After the show, the actors will hang out for autographs at a reception. They’re not only eager, but willing to show a different side of their talents.

“I’ve benefited in so many ways from living and working in Hawai’i,” said Daniel Dae Kim (Jin Kwon). “I’m happy to be able to return the favor (because) this benefit allows me to support three causes close to my heart: Honolulu, theater and our children. When times get tight and school budgets shrink, so often the arts are the first to be affected. Children’s theater is one of the valuable ways that we can help foster creativity and imagination as a vital part of our kids’ education.”

Said Garcia: “It will be fun doing something less intense for a change. It’s nice to do something for the local community. They have been welcoming to us, and I definitely feel like a part of this Island.”

Michael Emerson (Ben Linus) said the program is “a chance to work in front of an unselfconscious audience that still understands make-believe,” he said. “You know what magic the theater has to offer kids. … It’s magic that they understand, it’s magic that they employ. They haven’t yet been numbed to it by television and the cinema.”

“We are so blessed and grateful for these actors, giving back to the children and families of Hawai’i through stories,” said Eric Johnson, HTY artistic director. “What unifies them is what we hope will unify the world — in terms of creating the dramatic imaginations of our future, the kids.”

The fundraiser is the brainchild of Annie Wood, wife of Cusick. She joined the HTY board last November to fill out her days while he was shooting “Lost.” She was involved in children’s theater before she moved here with her husband and three children, Elias, 13; Lucas, 8; and Esau, 7.

“I had to support theater in some way, to keep my interest in theater going,” said Wood, who’s originally from Scotland. “I got to talking to some of the actors and mentioned it’s good to get involved, to get together to read plays. After all, many had done theater, in New York and Los Angeles, and missed their classes.”

Wood also tapped Elizabeth Mitchell (Dr. Juliet Burke) and was awaiting responses from other “Lost” actors to take part in a reading of scenes from plays in HTY’s 2007-08 season, which begins in mid-August.

HTY company members will understudy the roles (because the roster is subject to change), in case of an unscheduled Sunday shooting call.

With Fox’s wife, Margherita Ronchi, Wood earlier organized six or seven actors to visit their kids’ school in Kailua for a play-reading session of “James and the Giant Peach.”

“They were really happy to read children’s plays,” Wood said. “So I asked Eric, ‘Why don’t we ask if they can come read children plays (for HTY)?’ They all loved theater because theater has touched their lives. And they were delighted that there was a children’s theater in Hawai’i.”

Wood had heard about HTY before arriving here — she had met previous HTY artistic director Peter Brosius at a children’s theater conference.

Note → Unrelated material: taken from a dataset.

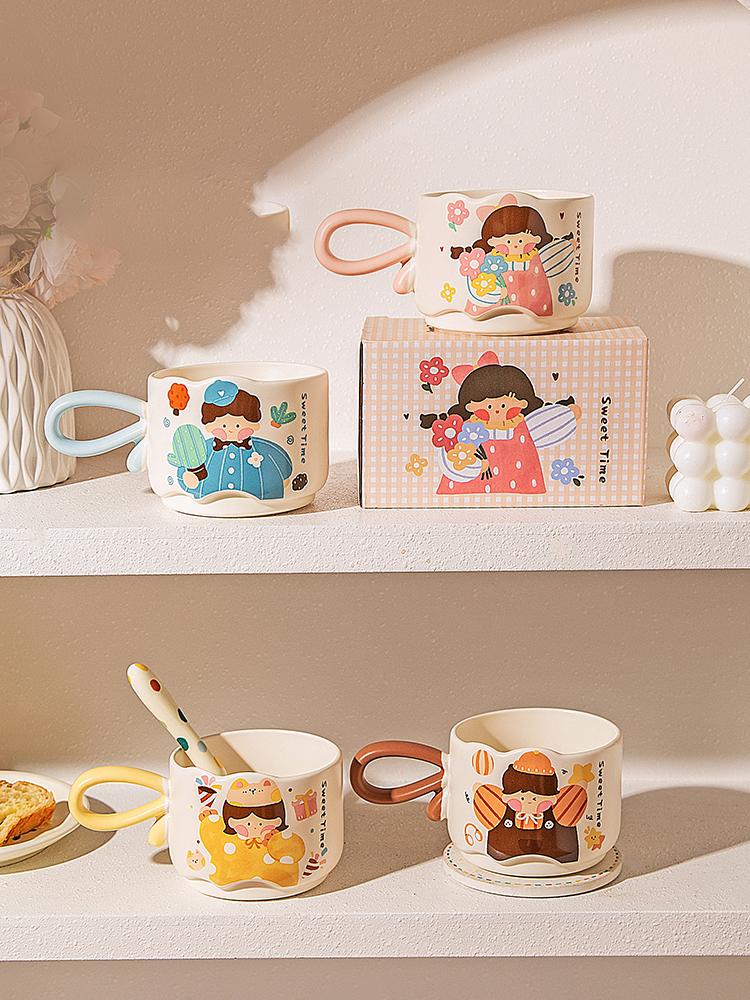 Comic Boys/Girls Ceramic Handle Water Cup Breakfast Cup Couple Coffee Mug Stackable Cup Colorful Paper Box Packaging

During the second season of “Lost,” she took her children to an HTY performance, and the experience spurred her to get involved.

“Annie is one of the best youth theater directors in the world,” Johnson said. “She has done cutting-edge theater for young audiences.”

She founded Visible Fictions in Scotland and also worked with the Polka Theatre in Wimbledon, London, groups known for their educational and youth theater.

Johnson hopes the readings by the “Lost” company will ramp up the profile of children’s literature and theater.

“So often, theater for young people is a second-class citizen to the great works of literature like Shakespeare,” he said. “But the actors’ participation really affirms our belief that the world is changing, that children’s literature is changing.”

Johnson said that Wood epitomizes what a board member can bring to the plate.

“Every board member can make a difference,” he said. “She’s given us access to these actors. Tim Bostock helped us buy a lighting board. Other board members bring classes of youngsters to our shows; board members are the core of any organization, including hours.”